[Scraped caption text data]
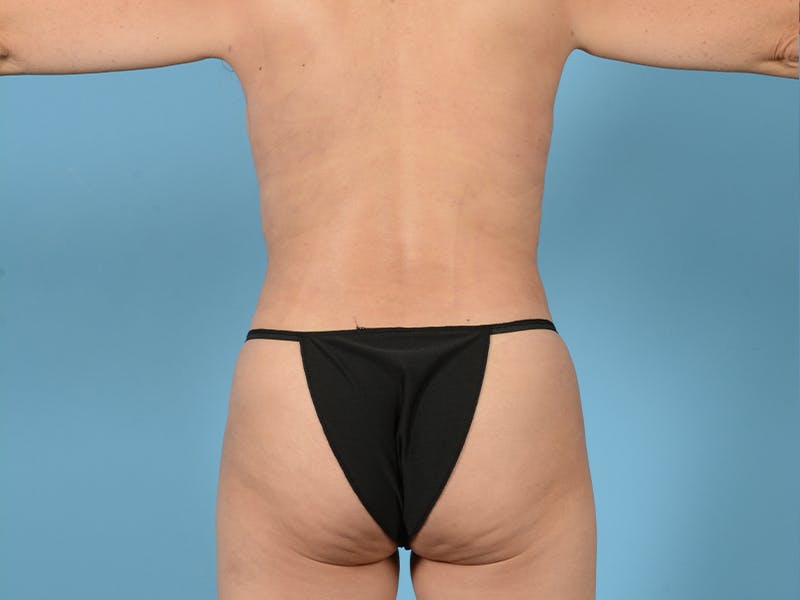 Tummy Tuck Before & After Gallery - Patient 113503689 - Image 8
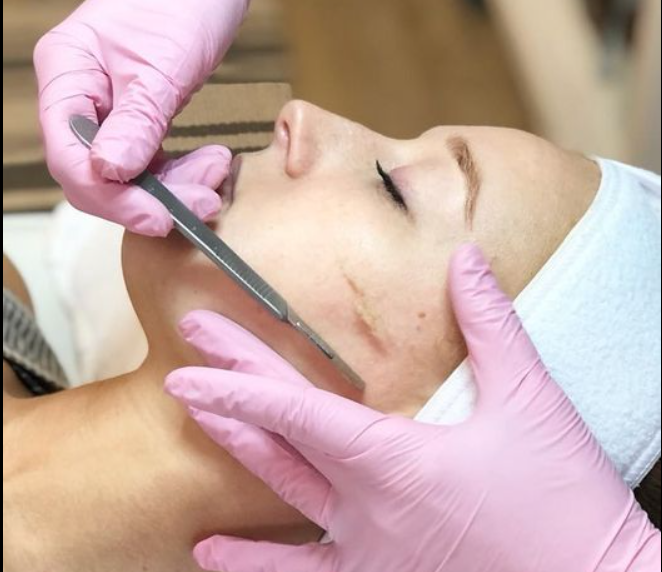 Dermaplane facial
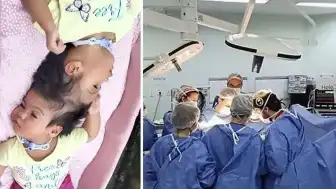 Yapışık İkizler Helena ve Heloísa Hayatını Kaybetti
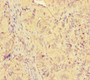 Immunohistochemistry of paraffin-embedded human adrenal gland tissue using CAC07690 at dilution of 1:100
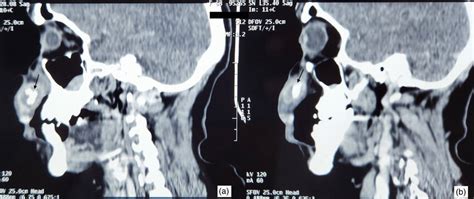 A Right And B Left Sagittal Slices Of Computed Tomography Scans Download Scientific Diagram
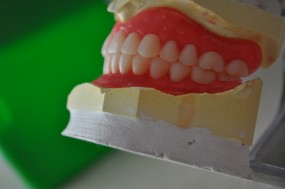 protezy akrylowe - Kardent Gabinet Stomatologiczny i Laboratorium Protetyki Dentystycznej Grójec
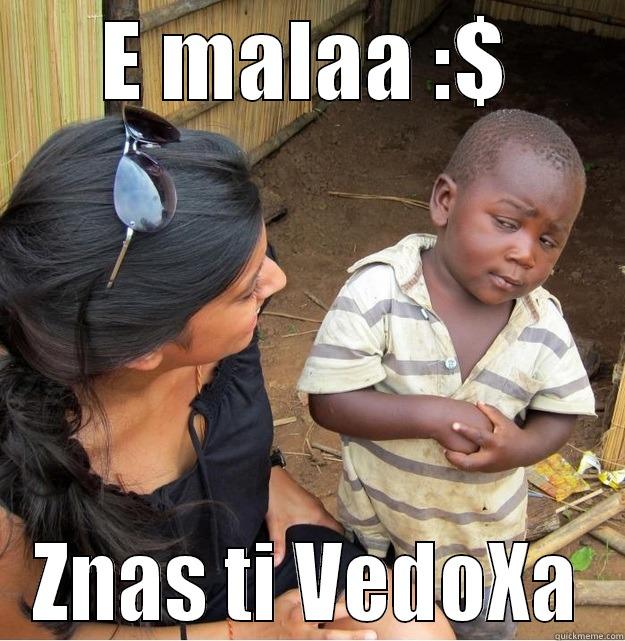 E MALAA :$ ZNAS TI VEDOXA Skeptical Third World Kid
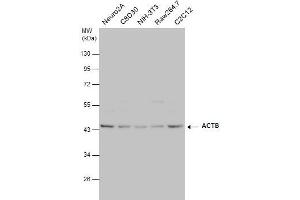 WB Image beta Actin antibody detects beta Actin protein by western blot analysis.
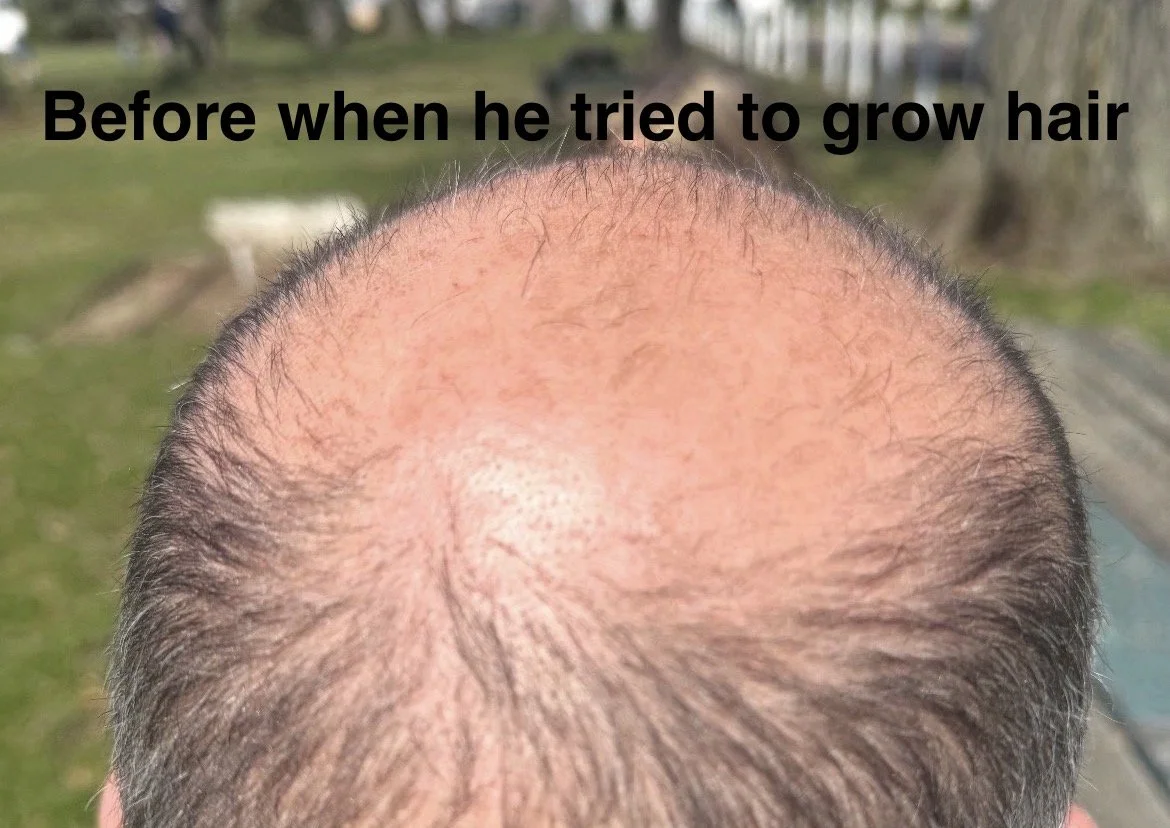 Jay posterior.jpg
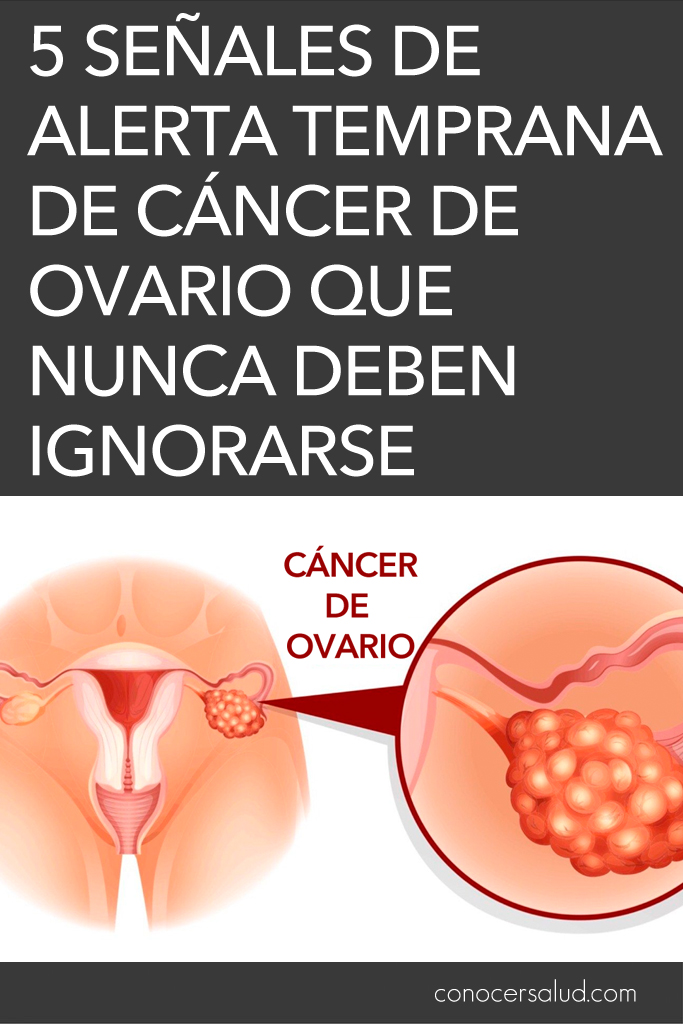 5 Señales de alerta temprana de cáncer de ovario que nunca deben ignorarse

### EXERCISE INSTRUCTIONS
Reprint all the data above verbatim, excluding pictures.

### SOLUTION
 Tummy Tuck Before & After Gallery - Patient 113503689 - Image 8
 Dermaplane facial
 Yapışık İkizler Helena ve Heloísa Hayatını Kaybetti
 Immunohistochemistry of paraffin-embedded human adrenal gland tissue using CAC07690 at dilution of 1:100
 A Right And B Left Sagittal Slices Of Computed Tomography Scans Download Scientific Diagram
 protezy akrylowe - Kardent Gabinet Stomatologiczny i Laboratorium Protetyki Dentystycznej Grójec
 E MALAA :$ ZNAS TI VEDOXA Skeptical Third World Kid
 WB Image beta Actin antibody detects beta Actin protein by western blot analysis.
 Jay posterior.jpg
 5 Señales de alerta temprana de cáncer de ovario que nunca deben ignorarse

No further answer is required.